Halevy also heaps praise on "Washington's behavior toward Syria [which] demonstrates its determination not to accept Syria's continued 'rampage' in Lebanon or anywhere else, for that matter. After the flames of democratization start to singe the corners of the kingdom in Damascus, the days of the minority Alawi regime will be numbered."
However, in Halevy's view the United States has yet to earn high marks for its policy toward Saudi Arabia (another country targeted by neocons and Israel ) because Washington has yet to turn up the pressure on that kingdom. "Whereas the United States has been able to articulate a clear policy toward some of the countries in the region, including Iraq, Syria, and Lebanon," Halevy writes, "it has found it difficult to formulate a holistic policy toward Saudi Arabia." Washington's failure to adopt an appropriately hard line toward the Saudis is "due mainly to the Americans' economic dependence on the vast oil reserves of the Arabian Peninsula."
But American inaction toward Saudi Arabia, Halevy insists, is about to come to a tumultuous end. He forecasts a number of terrifying scenarios, such as the establishment of an "Al-Qaida state" or the disintegration of the country into a number of "parallel regimes in different regions." Halevy correctly observes that any such dire developments would stem directly from existing American military intervention, which has exacerbated Islamic radicalism, not ameliorated it. According to Halevy, "well-informed" American observers have told him that, because of America's dependence on Saudi oil, such developments would give the United States "no choice but to deepen its presence in the Middle East."
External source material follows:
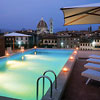 Grand Hotel Minerva, Brunelleschi's Dome - Florence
Such expanded American intervention could not rely on Donald Rumsfeld's vaunted sleek, high-tech military but would require much greater military manpower. The need for increased manpower has become a fundamental neocon theme, championed especially by Bill Kristol, the Weekly Standard, and the Project for a New American Century (PNAC) . Now, the only way Washington could sufficiently expand its troop strength would be through conscription. Halevy does not blink in the face of that fact, writing that the U.S. government "will have to renew the draft, to ensure that there are enough forces to deal with developing situations in countries like Saudi Arabia."
Without explicitly saying so, Halevy connects American neoconservatives with "the shapers" of the Bush administration's policies. He pointedly cites Bill Kristol saying that the United States plans to maintain a military presence in the region for ten years and more.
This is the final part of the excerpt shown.